Hi everyone is there any news on this?


----------



## catcoonz (Aug 4, 2012)

No news as yet, i hope rspca dont have her.


----------



## tigerboo (Jan 30, 2013)

I feel the same


----------



## CaninoAnimalRescue (Oct 8, 2012)

Ok Thanks Cc I'll take them both on as and when needed, I can meet halfway etc for transport & Im sure if there's any problems with them mixing I can sort something out. Just let me know when & where he is  x


----------



## ribbon (Apr 16, 2012)

Just so everyone knows I'm not getting any response from the seller. I've left a voicemail and a text message so hopefully they're just at work and will get back to me later. For now, we wait...

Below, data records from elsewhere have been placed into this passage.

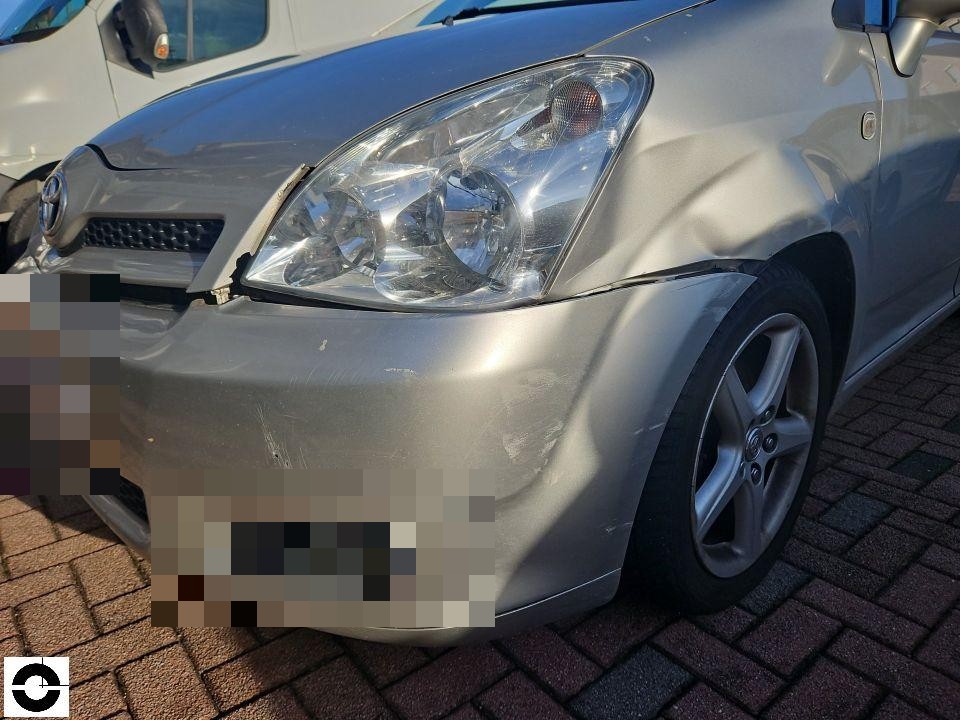 Frontansicht rechts, Delle und Kratzer an vorderer Stoßstange und Kotflügel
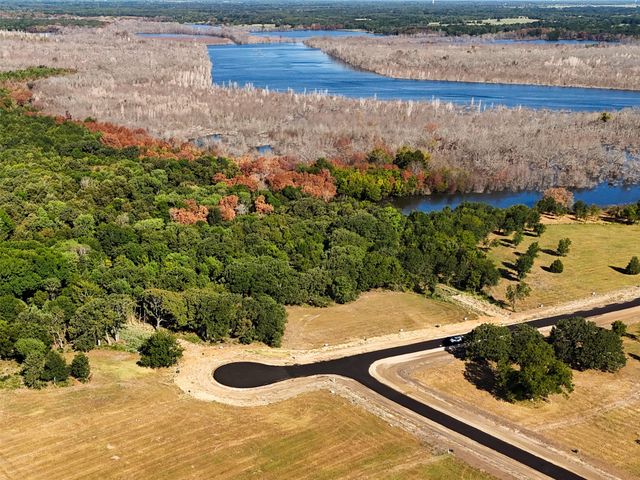 200 Shoreline Drive, Dodd City, TX 75438
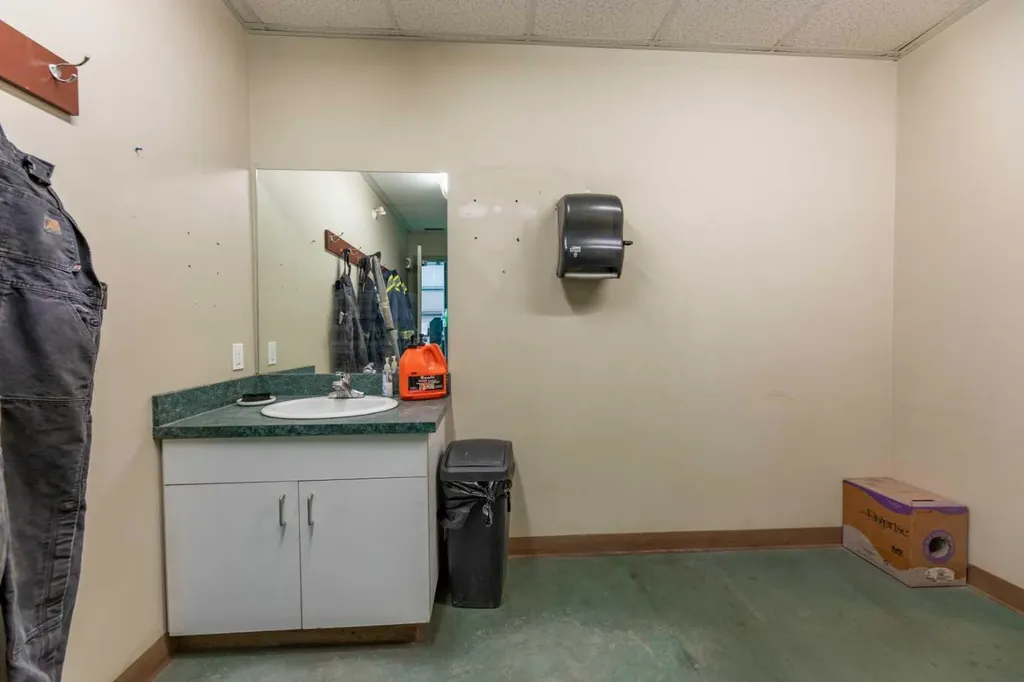 156 Steele Crescent Hinton AB T7V 2G5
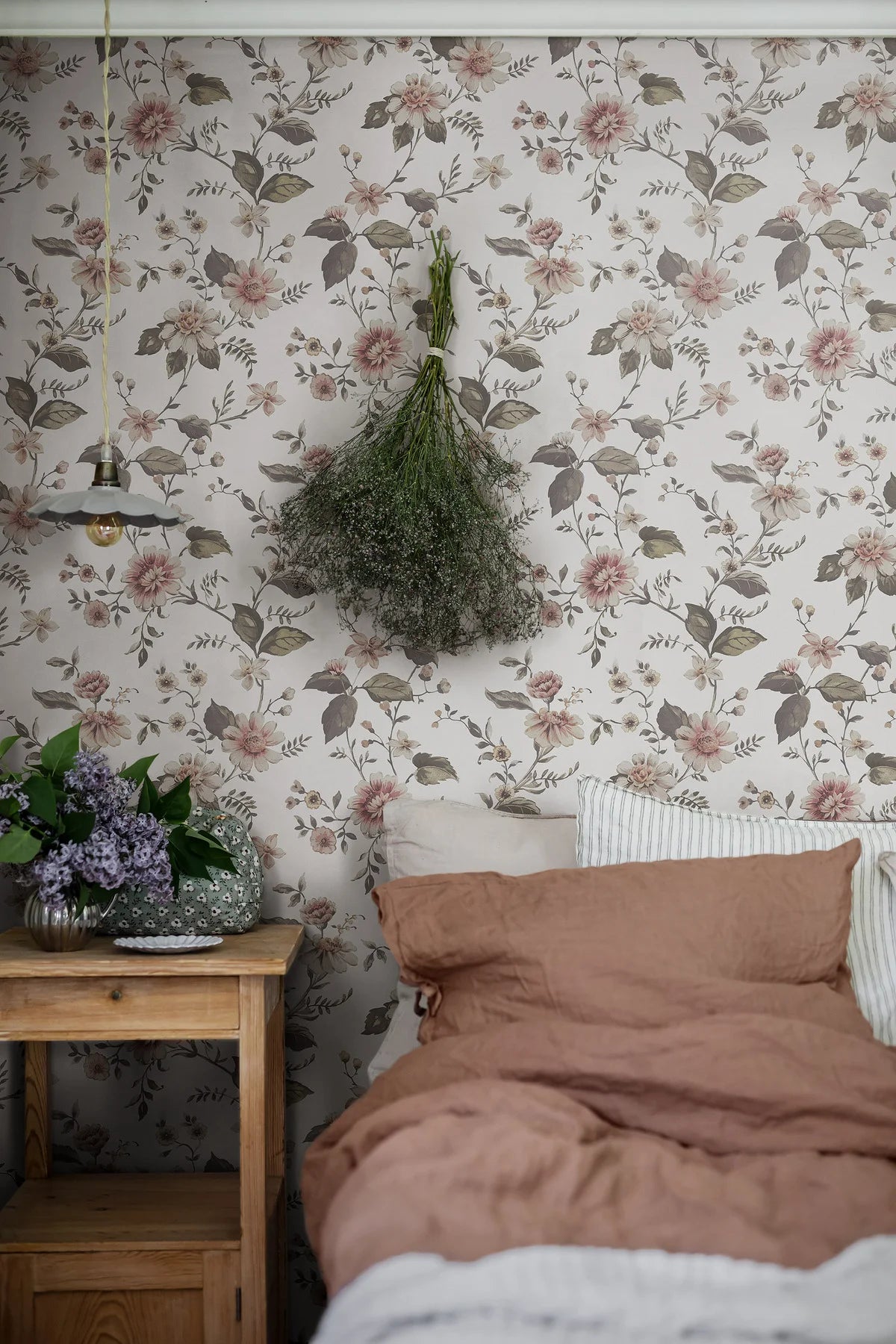 Structural mural with a floral pattern of flowers MARION’S white with pink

I can help with transport too so meet someone halfway or whatever when and if things get sorted.


----------



## ribbon (Apr 16, 2012)

I didn't receive any response from the advertiser . I really don't understand why someone would put an ad up and then not reply. I hope Fate's ok whatever has happened.


----------



## tigerboo (Jan 30, 2013)

I have to admit i did txt the person yesterday aswell to see if i got a response but like you i had none. I really feel for this cat especiall if she gets in the hands of rspca.


----------



## catcoonz (Aug 4, 2012)

Im not sure how long we have to get this cat, rescue space at Lauren's is filling up fast and another cat also needs the same space.
I think if we dont hear soon the space will be gone then we will all be stuck as i dont have room for another 5 weeks now.
Keep trying and see what happens, i just get so annoyed when people dont get back to let anybody know.


----------



## Guest (Mar 20, 2013)

It did say call anytime. It is rude not to reply. It does not take much to say what has happened and whether she still needs help.


----------